The GI of specific foods is also affected by how that food is prepared, processed, and what other foods are eaten with it.
Lastly and probably the most concerning part of GI testing is that it doesn’t always reflect the amount of food that you would typically eat in a real-life setting. Instead, GI always looks at how you respond to 50 grams of carbohydrates from that particular food. You would need to eat almost 7 cups of sliced carrots in one sitting in order to get to 50 grams of carbs!
To use a GI chart to your advantage, simply choose foods that have a lower value more often and limit those that have a higher value. If you follow a keto diet, the GI can be a good starting point for finding fruits and veggies that will work for you. You can use the following ranges to determine whether a fruit or vegetable is low, medium, or high on the GI:
· Low – 55 or less
· Medium – 56-69
· High – 70 or more
In addition, you can also use a GL chart to get a more realistic picture of how a specific serving size of food will affect your glucose. GL is a calculation derived from GI that uses a realistic portion size to gain a better understanding of glycemic response. To get that value, the GI of a food is multiplied by the amount of carbs in the serving size and then divided by 100. Use these ranges to determine GL:
· Low – 1-10
· Medium – 11-19
· High – 20+
There are many factors that can affect a food’s GI rating, such as:
Fruits and vegetables experience a shift in the starch/sugar ratio as they ripen. Unripe fruits typically have a higher starch, lower sugar content. As they ripen, the sugar content increases, contributing to a higher GI.

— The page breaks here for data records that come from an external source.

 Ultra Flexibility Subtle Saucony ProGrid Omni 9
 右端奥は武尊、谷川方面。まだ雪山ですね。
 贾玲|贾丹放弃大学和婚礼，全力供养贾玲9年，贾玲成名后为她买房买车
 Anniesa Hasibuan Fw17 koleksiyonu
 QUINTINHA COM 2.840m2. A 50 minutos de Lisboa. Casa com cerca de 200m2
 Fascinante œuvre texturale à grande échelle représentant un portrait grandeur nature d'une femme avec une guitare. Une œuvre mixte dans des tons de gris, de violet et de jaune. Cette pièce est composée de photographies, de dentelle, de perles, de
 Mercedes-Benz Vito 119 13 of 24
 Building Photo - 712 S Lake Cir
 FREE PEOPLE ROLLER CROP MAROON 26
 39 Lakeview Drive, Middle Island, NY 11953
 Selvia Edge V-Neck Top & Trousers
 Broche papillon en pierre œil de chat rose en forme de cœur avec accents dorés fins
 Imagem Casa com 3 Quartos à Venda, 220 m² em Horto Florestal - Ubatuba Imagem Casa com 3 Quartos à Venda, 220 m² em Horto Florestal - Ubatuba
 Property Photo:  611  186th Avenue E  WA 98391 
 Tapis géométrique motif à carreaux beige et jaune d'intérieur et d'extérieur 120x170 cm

In general, any type of processing, including grinding, mashing, and cooking, raises the GI of that fruit or vegetable by breaking it down into a more easily digestible form. Fruits and vegetables closest to their natural form (i.e., a whole apple versus apple sauce) will have a lower GI.
Fermentation is another form of processing that can change the GI of a fruit or vegetable. When a food is fermented, it’s more slowly digested and the carbs are more slowly released into the bloodstream (thanks to the production of organic acids). This ultimately leads to a lower GI. If you’ve heard that apple cider vinegar can help to prevent a blood glucose spike, this works in a similar way.
The specific type of fiber in each food contributes to the GI of that food. Soluble fiber is commonly found in oats, peas, and beans and gets praised for helping to reduce cholesterol levels and stabilize blood glucose. It thickens our food and slows down the amount of time it takes for food to move through the digestive tract, leading to a lower GI. Compare that to insoluble fiber that is found in high amounts in certain vegetables like potatoes. This helps to keep us regular, but it doesn’t lead to any thickening of our food bolus, meaning it’s not going to play much of a role in lowering GI values.
Certain fruits and vegetables like legumes, rhubarb, and spinach contain things like phytates, lectins, and polyphenols (often called anti-nutrients) that decrease GI by slowing down digestion time.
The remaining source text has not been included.